Beam Design is one of the most common cases in machine design, many parts of the machine such as shaft, structure, etc, can be assumed, designed, and calculated as a beam. For example- If a shaft having gear or pulley mounted on it and is supported by 2 ball bearings at its both end, then it can be treated as a simply supported beam, where bearings are the supports and gear or pulley, is the loading point. Similarly, a structure of the machine is supported on some foundation then it can be assumed as a simply supported beam at foundation points.

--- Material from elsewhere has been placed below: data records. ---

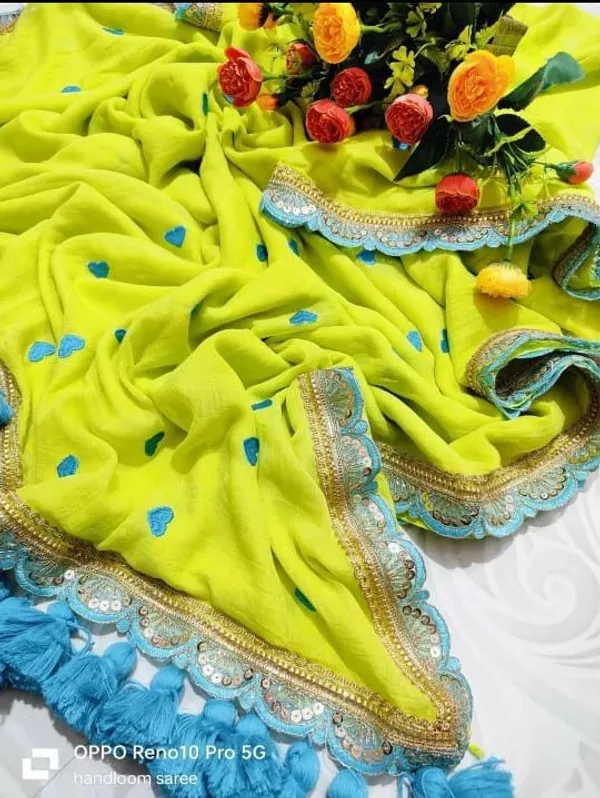 Parrot_Green_Pure_Mul_Cotton_Heart_Embroidery_Sequin_Lace_Saree_For_Women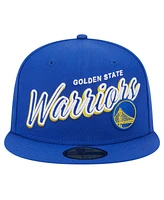 New Era Men's Royal Golden State Warriors Sport Night Script Sided 59FIFTY Fitted Hat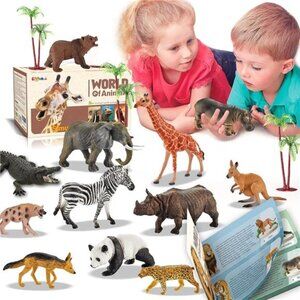 31 Pcs Safari Animals Figures Including 24 Realistic Jungle Playset Toys Zoo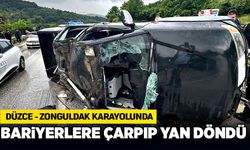 Bariyerlere çarpıp yan döndü!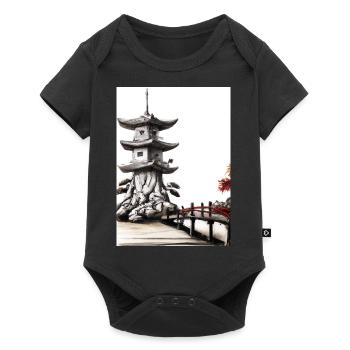 Japanische Turmbrücke - Baby Premium Kurzarmbody - Schwarz - Vorne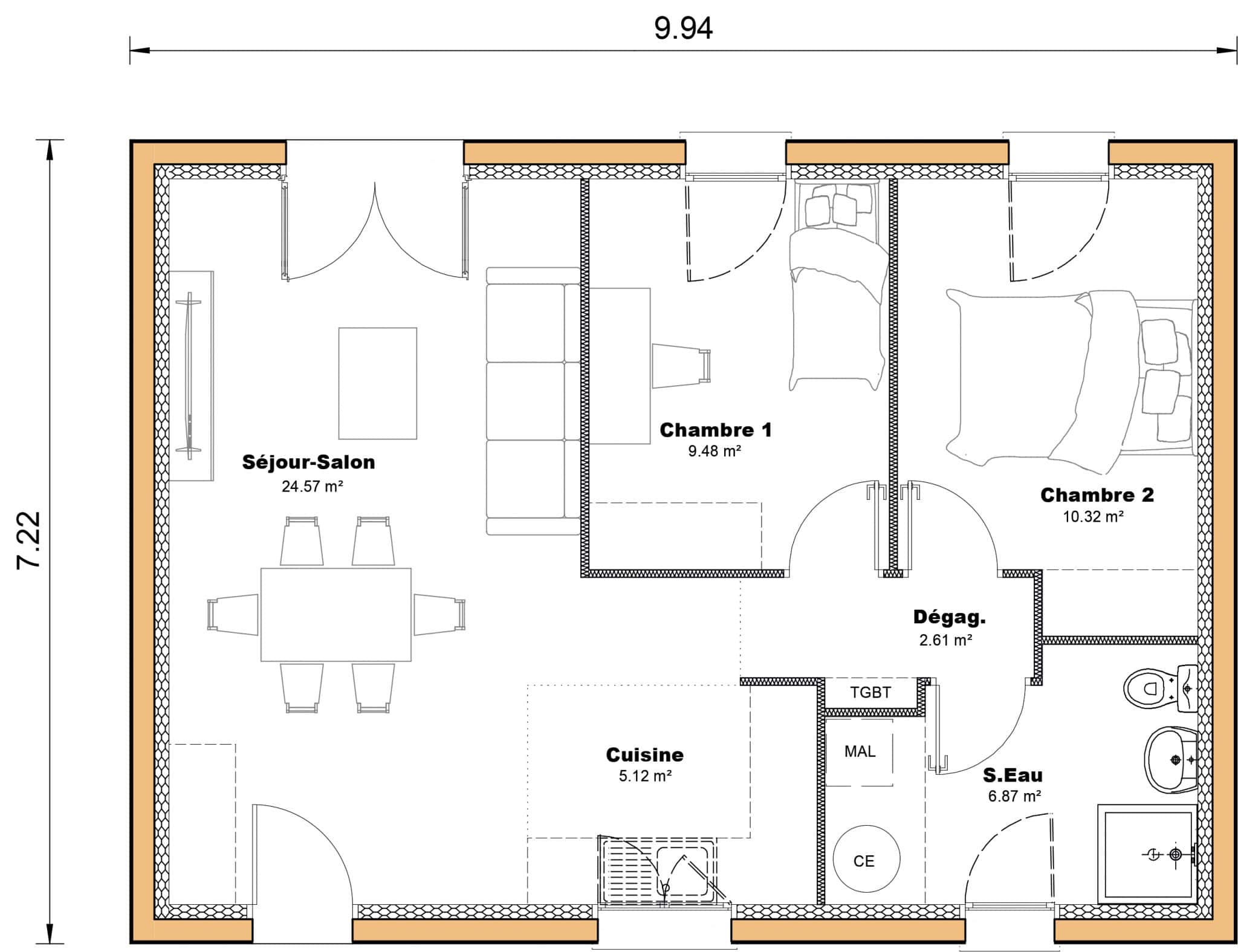 Vente maison à Ste bazeille (47180) de 58 m2 habitable sur terrain de 281 m2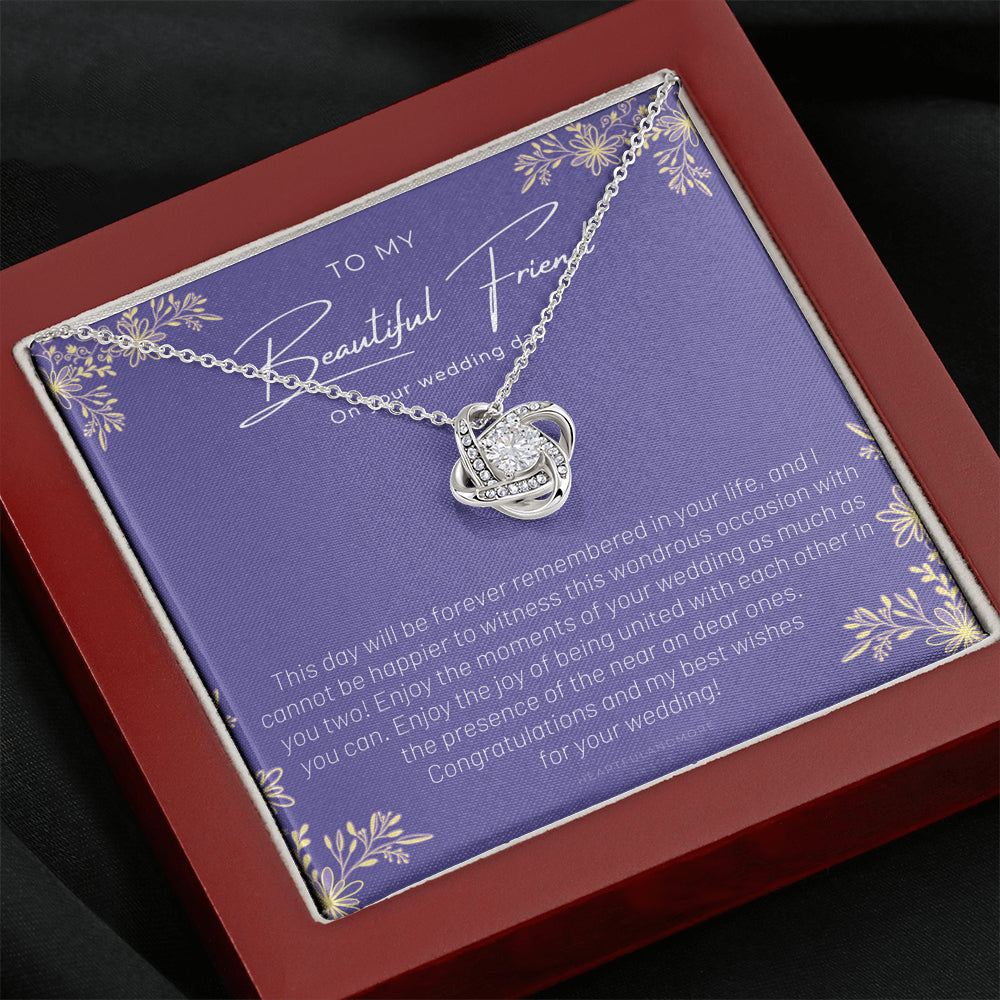 To My Best Friend On Her Wedding Day, Bride Gift From Maid of Honor, Best Friend Gift to Bride, Best Friend to Bride Necklace, Wedding Gift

Beams and Bending Stresses
As already stated that beams are one of the most common elements in the form of structures, frames, shafts, rafter, etc. Any intermittently supported member which is subjected to load transverse to its length is to be considered as a beam. Any beam under load will have a combination of normal and shear stress distributed across the cross-section.
For analyzing the beam stresses, the following assumptions are made.
> Beam is loaded in the plane of symmetry.
> Cross-section of the beam remains plane and perpendicular to the neutral axis during bending. (which also means the length of the beam is large compared to cross-section height and deflection is small)
> Material of the beam is homogenous and obey ’s hooks law.
> Stresses remain below the elastic limit and deflection is small.
> The beam is subjected to pure bending load with no axial or shear loads
> The bean is initially straight.
> The segment that is analyzed is distant from applied loads or external constraints on the beam.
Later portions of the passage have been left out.